When I teach courses on structural equation modeling (SEM), I tell my students that any model with instrumental variables can be estimated in the SEM framework. Then I present a classic example of simultaneous causation in which *X* affects *Y*, and *Y* also affects *X.* Models like this can be estimated if each of the two variables also has an instrumental variable—a variable that affects it but not the other variable. Specification of the model is fairly straightforward in any SEM package.

However, there are lots of other uses of instrumental variables. My claim that they can all be estimated with SEM is more speculative than I usually care to admit. A couple weeks ago I got a question about instrumental variables in SEM that really had me stumped. What seemed like the right way to do it was giving the wrong answer—at least not the answer produced by all the standard econometric methods, like two-stage least squares (2SLS) or the generalized method of moments (GMM). When I finally hit on the solution, I figured that others might benefit from what I had learned. Hence, this blog post.

LEARN MORE IN A SEMINAR WITH PAUL ALLISON

The question came from Steven Utke, an assistant professor of accounting at the University of Connecticut. Steve was trying to replicate a famous study by David Card (1995) that attempted to estimate the causal effect of education on wages by using proximity to college as an instrumental variable. Steve was able to replicate Card’s 2SLS analysis, but he couldn’t get an SEM model to produce similar results.

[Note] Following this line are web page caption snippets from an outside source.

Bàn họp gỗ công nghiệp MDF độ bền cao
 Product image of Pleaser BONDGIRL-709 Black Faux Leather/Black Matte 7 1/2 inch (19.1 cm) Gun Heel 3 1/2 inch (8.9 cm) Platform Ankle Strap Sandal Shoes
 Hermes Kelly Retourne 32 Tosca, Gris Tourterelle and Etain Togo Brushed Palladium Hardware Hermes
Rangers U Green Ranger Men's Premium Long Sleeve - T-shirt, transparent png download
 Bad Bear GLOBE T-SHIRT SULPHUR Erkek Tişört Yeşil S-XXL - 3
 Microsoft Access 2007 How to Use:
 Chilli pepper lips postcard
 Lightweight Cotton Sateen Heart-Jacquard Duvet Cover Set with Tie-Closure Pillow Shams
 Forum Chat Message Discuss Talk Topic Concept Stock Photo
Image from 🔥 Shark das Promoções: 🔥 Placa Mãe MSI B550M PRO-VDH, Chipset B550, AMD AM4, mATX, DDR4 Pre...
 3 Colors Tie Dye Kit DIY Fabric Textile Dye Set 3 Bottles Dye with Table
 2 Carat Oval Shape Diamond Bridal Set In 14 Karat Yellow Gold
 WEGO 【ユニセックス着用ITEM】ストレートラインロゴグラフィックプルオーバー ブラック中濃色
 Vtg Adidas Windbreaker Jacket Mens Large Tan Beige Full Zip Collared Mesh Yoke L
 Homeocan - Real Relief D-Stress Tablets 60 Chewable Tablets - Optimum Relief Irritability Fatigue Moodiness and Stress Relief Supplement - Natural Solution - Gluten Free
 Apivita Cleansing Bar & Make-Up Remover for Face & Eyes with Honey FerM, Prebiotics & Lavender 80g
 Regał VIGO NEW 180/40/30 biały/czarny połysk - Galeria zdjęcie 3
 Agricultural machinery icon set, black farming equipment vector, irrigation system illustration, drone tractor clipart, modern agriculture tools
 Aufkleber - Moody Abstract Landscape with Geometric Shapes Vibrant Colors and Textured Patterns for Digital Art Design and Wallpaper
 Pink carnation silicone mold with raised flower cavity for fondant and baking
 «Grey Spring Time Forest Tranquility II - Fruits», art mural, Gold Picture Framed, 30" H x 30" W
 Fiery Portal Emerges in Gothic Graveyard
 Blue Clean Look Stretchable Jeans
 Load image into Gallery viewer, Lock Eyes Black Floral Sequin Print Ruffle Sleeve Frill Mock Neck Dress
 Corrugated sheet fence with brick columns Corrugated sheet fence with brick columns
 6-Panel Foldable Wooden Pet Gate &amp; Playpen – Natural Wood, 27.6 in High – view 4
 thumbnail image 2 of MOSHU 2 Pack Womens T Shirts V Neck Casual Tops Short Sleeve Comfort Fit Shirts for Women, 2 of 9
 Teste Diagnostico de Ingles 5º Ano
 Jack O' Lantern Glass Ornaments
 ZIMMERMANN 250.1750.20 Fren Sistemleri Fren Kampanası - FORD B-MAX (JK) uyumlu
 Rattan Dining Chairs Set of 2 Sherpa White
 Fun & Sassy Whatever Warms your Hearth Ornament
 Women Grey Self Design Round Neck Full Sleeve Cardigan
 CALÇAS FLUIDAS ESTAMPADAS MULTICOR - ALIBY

For didactic purposes, I’m going to greatly simplify Card’s analysis by excluding a lot of variables that are not essential for the example. I’ll use Stata for the analysis, but equivalent SAS code can be found in Addendum 2.

Let’s begin with a bivariate regression of the log of hourly wages on years of education, for a sample of 3,010 young men in 1976.

. use "https://dl.dropboxusercontent.com/s/bu8ze4db4bywwin/card", clear . gen lwage = log(wage) . regress lwage educ ------------------------------------------------------------------------------ lwage | Coef. Std. Err. t P>|t| [95% Conf. Interval] -------------+---------------------------------------------------------------- educ | .0520942 .0028697 18.15 0.000 .0464674 .057721 _cons | 5.570882 .0388295 143.47 0.000 5.494747 5.647017 ------------------------------------------------------------------------------

Education has a highly significant coefficient, whose magnitude can be interpreted as follows: each additional year of schooling is associated with about a 5% increase in wages.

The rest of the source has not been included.